Mandiant, which has worked closely with the Ukrainian government on digital defense and investigations of network breaches since the start of the Russian invasion in February of 2022, declined to name the targeted electric utility or the city where it was located. Nor would it offer information like the length of the resulting power loss or the number of civilians affected.
Mandiant does note in its report on the incident that as early as two weeks before the blackout, Sandworm's hackers appear to have already possessed all the access and capabilities necessary to hijack the industrial control system software that oversees the flow of power at the utility's electrical substations. Yet it appears to have waited to carry out the cyberattack until the day of Russia's missile strikes. While that timing may be coincidental, it more likely suggests coordinated cyber and physical attacks, perhaps designed to sow chaos ahead of those air strikes, complicate any defense against them, or add to their psychological effect on civilians.
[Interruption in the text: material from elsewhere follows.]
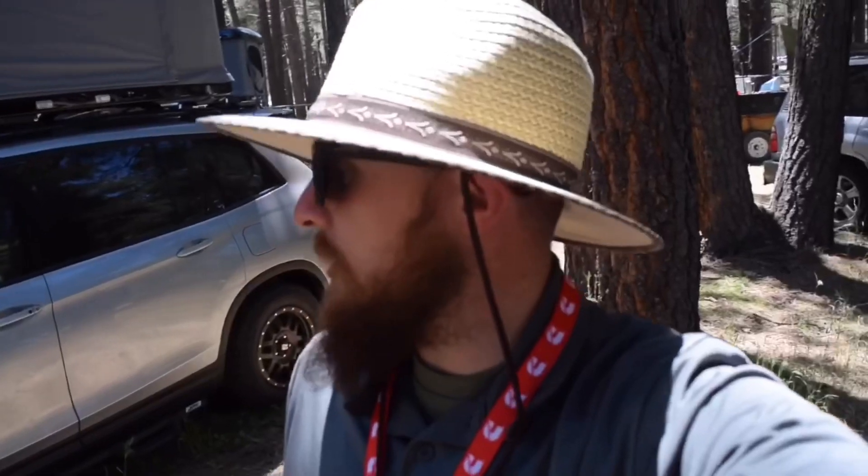My name is Jacob. I'm from JSport Performance — I'm the sales director at JSport. I wanted to do a quick walk around and show you some of the rigs that we did for Overland Expo, which is where we are right now in Flagstaff, Arizona.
"The cyber incident exacerbates the impact of the physical attack," says John Hultquist, Mandiant's head of threat intelligence, who has tracked Sandworm for nearly a decade and named the group in 2014. "Without seeing their actual orders, it's really hard on our side to make a determination of whether or not that was on purpose. I will say that this was carried out by a military actor and coincided with another military attack. If it was a coincidence, it was a terribly interesting coincidence."
The Ukrainian government's cybersecurity agency, SSSCIP, declined to fully confirm Mandiant's findings in response to a request from WIRED, but it didn't dispute them. SSSCIP's deputy chair, Viktor Zhora, wrote in a statement that the agency responded to the breach last year, working with the victim to "minimize and localize the impact." In an investigation over the two days following the near-simultaneous blackout and missile strikes, he says, the agency confirmed that the hackers had found a "bridge" from the utility's IT network to its industrial control systems and planted malware there capable of manipulating the grid.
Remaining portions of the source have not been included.